> [DATA EXCERPTS]:
--- START ---

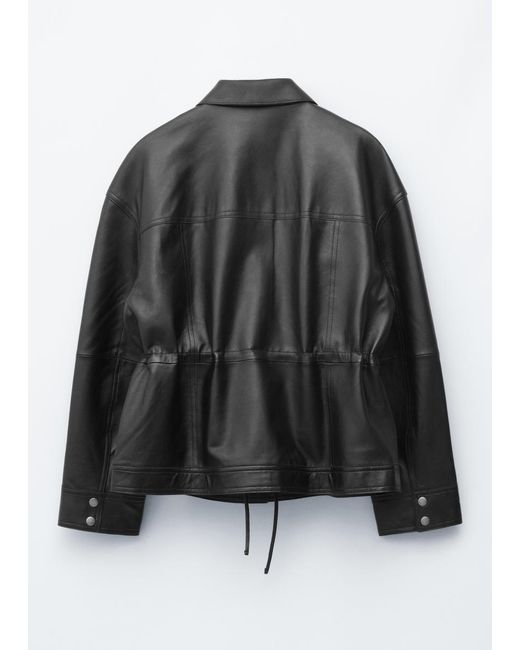 & Other Stories Black Drawstring-Waist Leather Jacket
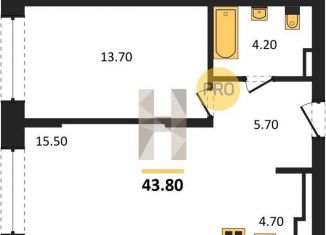 2-ком. квартира на продажу, 43.8 м2, Новосибирск, метро Золотая Нива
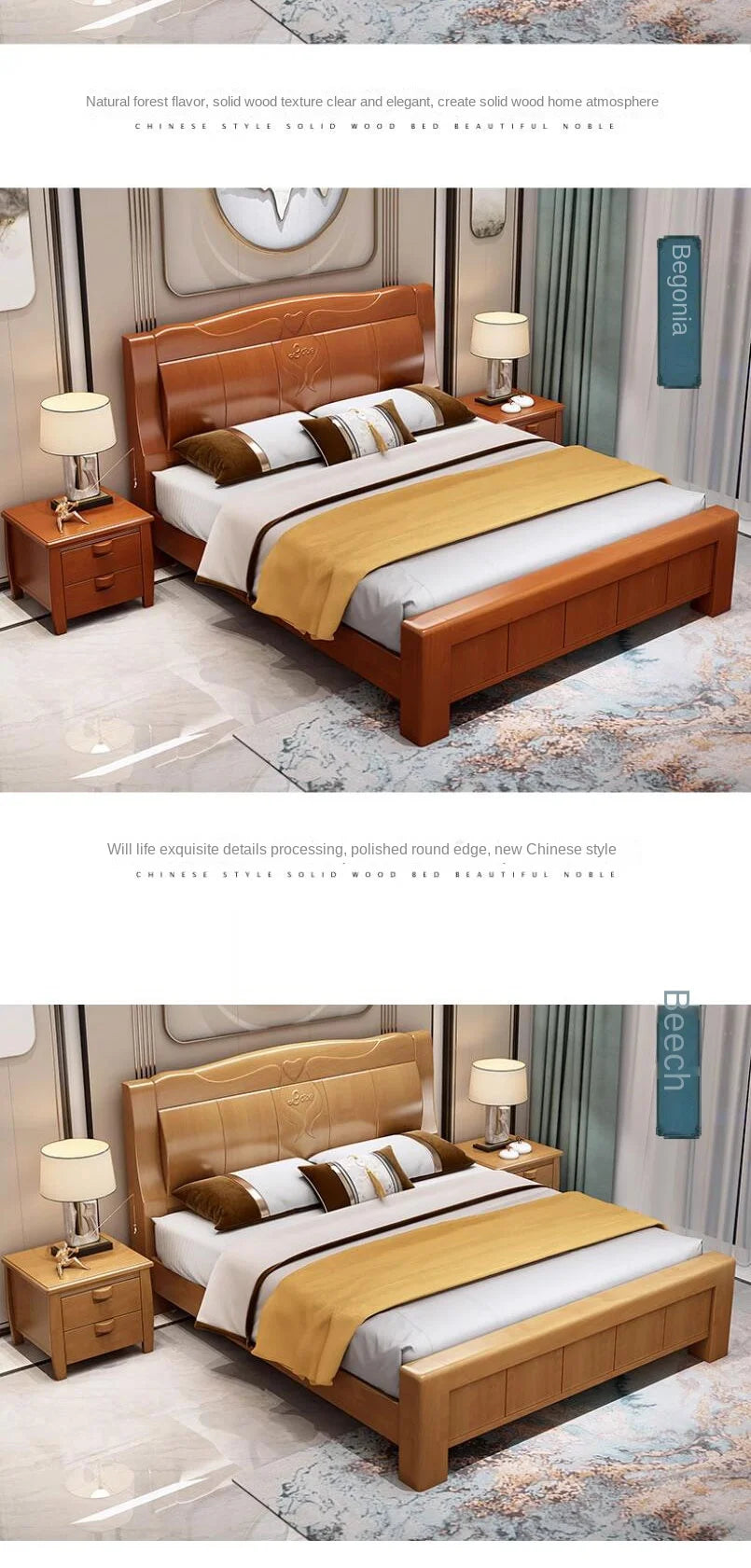 Europäisches Luxus-Schlafzimmer-Set, weich, modern, High-End-Aufbewahrung, Queen-Size-Schlafzimmer-Set, Holz, cool, Apartment, Möbel für Schlafzimmer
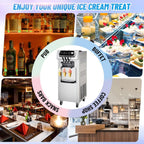 Commercial Ice Cream Maker, 3 Flavors, 20-28L/H Yield, LCD Panel, Auto Clean, 2200W Countertop Soft Serve Machine w/ 2x7L Hopper, Frozen Yogurt Maker for Restaurant Snack Bar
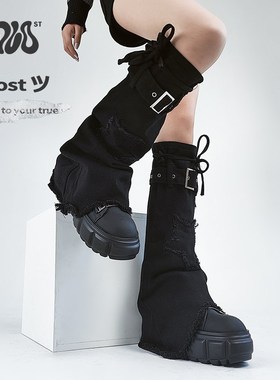 Solost y2k辣妹黑色牛仔亚文化腿套显瘦裤管套设计感靴套喇叭袜套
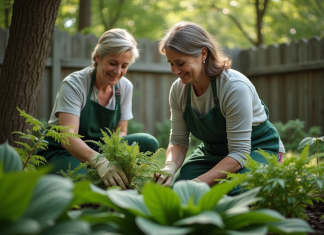 Plantez un jardin à l’ombre : conseils et astuces pour réussir Femme en tablier vert jardinant avec hostas et fougères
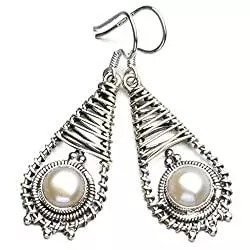 STARGEMS Schmuck StarGems 925er Sterling Silber River Pearl Einzigartig Handgefertigt Ohrringe 4,45cm River Beige R1953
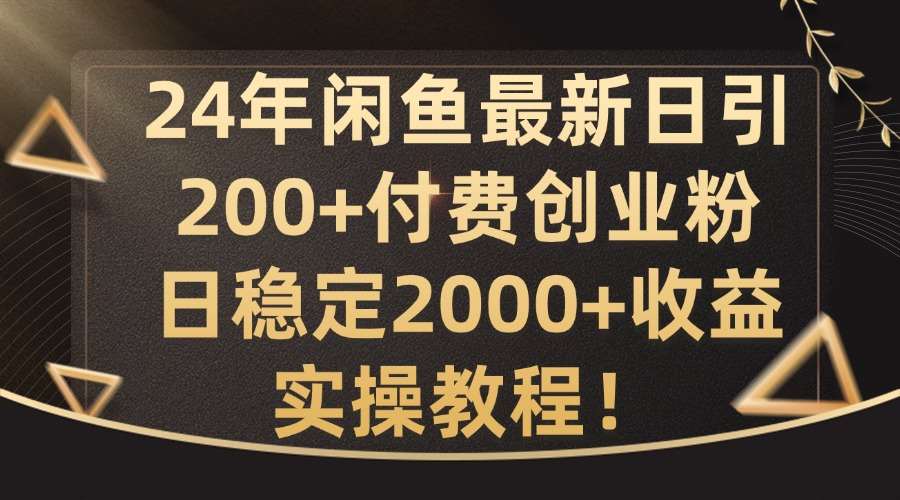 24年闲鱼最新日引200+付费创业粉日稳2000+收益，实操教程【揭秘】-赛德副业库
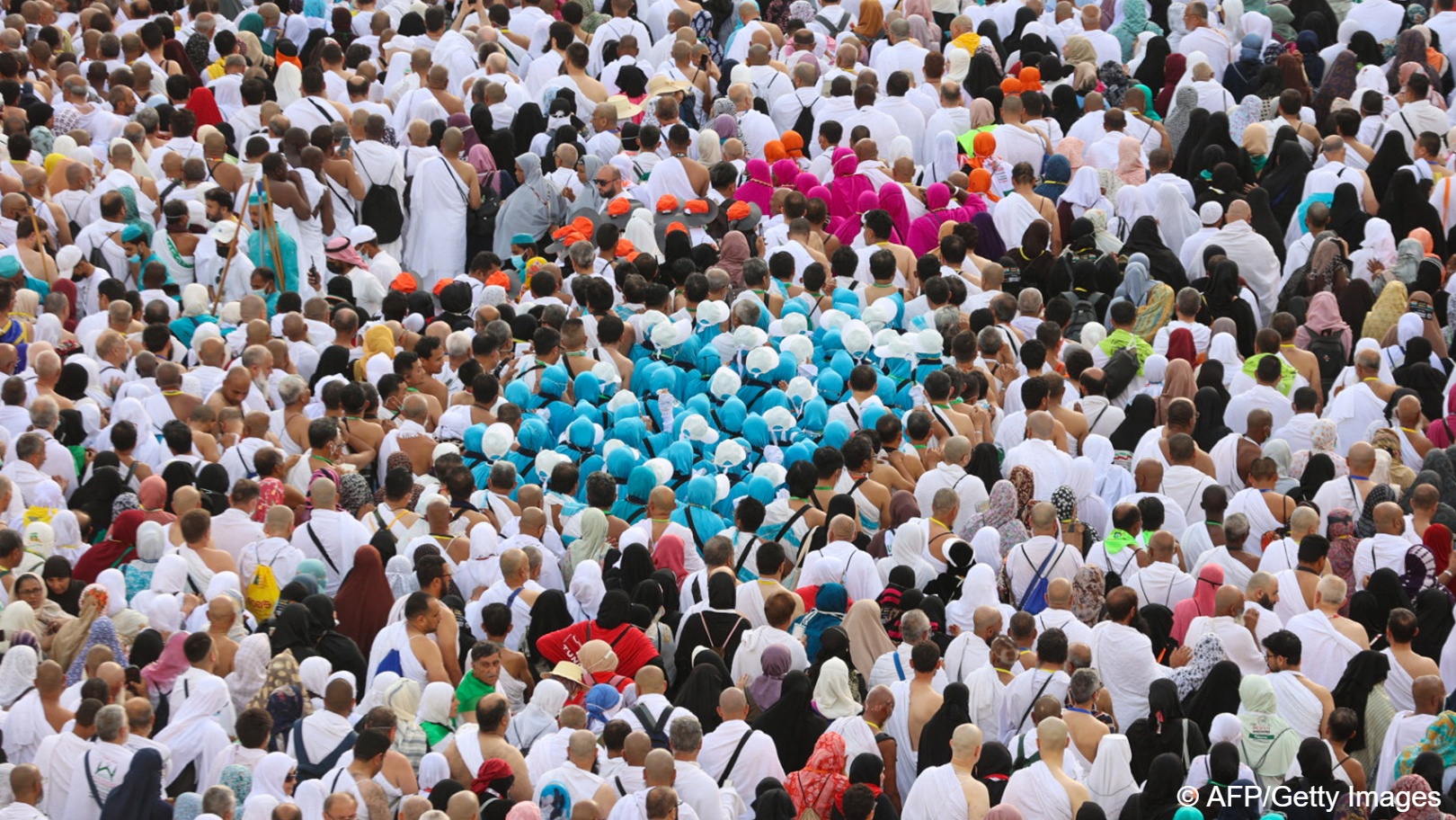 Muslim worshippers gather at the Grand Mosque in the holy city of Mecca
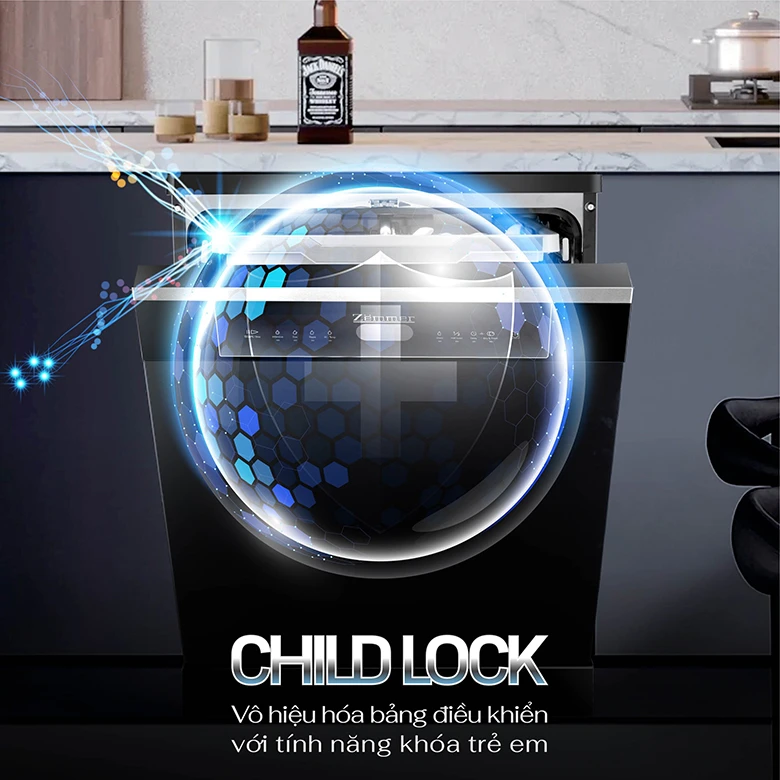 Máy rửa bát Zemmer DWZ950IS - Tính năng Child Lock (khóa trẻ em)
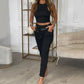 Women's Sleeveless Blouse High Waist Tight Trousers Two-piece Set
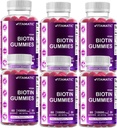 Vitamatic Biotin Gummies 10,000 mcg pro silnější vlasy, kůže a nehty - 60 Vegan Gummies - Také nazývá vitamin B7 (6 lahví)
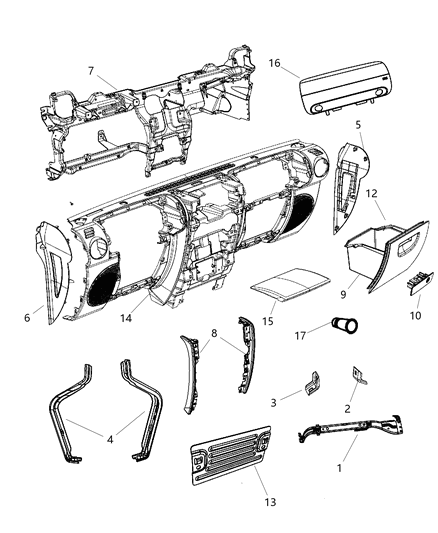 2008 Jeep Wrangler Glove Box-Instrument Panel Diagram for 5KD241J8AB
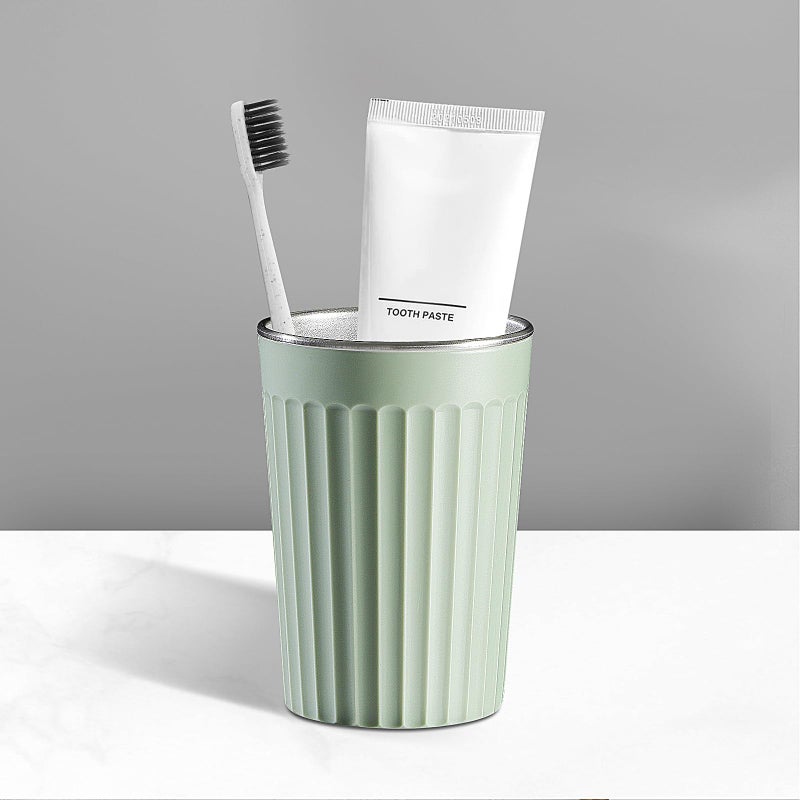 Elivida Toothbrush Holder for Bathroom-12oz Unbreakable Stainless Steel Bathroom Cup,Easy to Clean Toothbrush Cup, Reusable Bathroom Tumbler Cups for Home/School/Office(3" x 4.5" Green) - Image 1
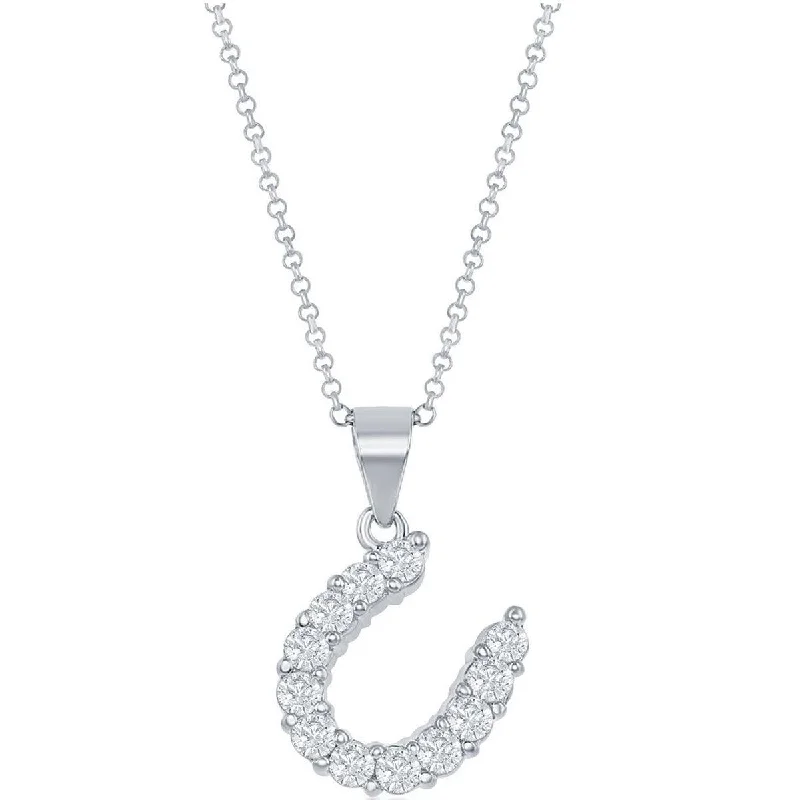 Women’s chokers with pendants-Classic Women's Pendant with Chain - Sterling Silver CZ Stone Horse Shoe | HP-3435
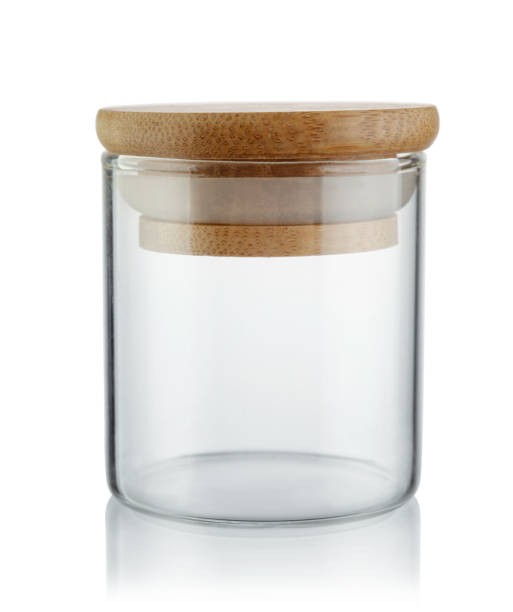 istock Kitchen jar with wood lid isolated on white. 1282342276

--- END ---

> [WORK TO COMPLETE]: Output nothing but an exact retyping of the material, pictures excluded.

> [RESPONSE FOR THIS EXERCISE]:
 & Other Stories Black Drawstring-Waist Leather Jacket
 2-ком. квартира на продажу, 43.8 м2, Новосибирск, метро Золотая Нива
 Europäisches Luxus-Schlafzimmer-Set, weich, modern, High-End-Aufbewahrung, Queen-Size-Schlafzimmer-Set, Holz, cool, Apartment, Möbel für Schlafzimmer
 Commercial Ice Cream Maker, 3 Flavors, 20-28L/H Yield, LCD Panel, Auto Clean, 2200W Countertop Soft Serve Machine w/ 2x7L Hopper, Frozen Yogurt Maker for Restaurant Snack Bar
 Solost y2k辣妹黑色牛仔亚文化腿套显瘦裤管套设计感靴套喇叭袜套
 Plantez un jardin à l’ombre : conseils et astuces pour réussir Femme en tablier vert jardinant avec hostas et fougères
 STARGEMS Schmuck StarGems 925er Sterling Silber River Pearl Einzigartig Handgefertigt Ohrringe 4,45cm River Beige R1953
 24年闲鱼最新日引200+付费创业粉日稳2000+收益，实操教程【揭秘】-赛德副业库
 Muslim worshippers gather at the Grand Mosque in the holy city of Mecca
 Máy rửa bát Zemmer DWZ950IS - Tính năng Child Lock (khóa trẻ em)
 Women's Sleeveless Blouse High Waist Tight Trousers Two-piece Set
 Vitamatic Biotin Gummies 10,000 mcg pro silnější vlasy, kůže a nehty - 60 Vegan Gummies - Také nazývá vitamin B7 (6 lahví)
 2008 Jeep Wrangler Glove Box-Instrument Panel Diagram for 5KD241J8AB
 Elivida Toothbrush Holder for Bathroom-12oz Unbreakable Stainless Steel Bathroom Cup,Easy to Clean Toothbrush Cup, Reusable Bathroom Tumbler Cups for Home/School/Office(3" x 4.5" Green) - Image 1
 Women’s chokers with pendants-Classic Women's Pendant with Chain - Sterling Silver CZ Stone Horse Shoe | HP-3435
 istock Kitchen jar with wood lid isolated on white. 1282342276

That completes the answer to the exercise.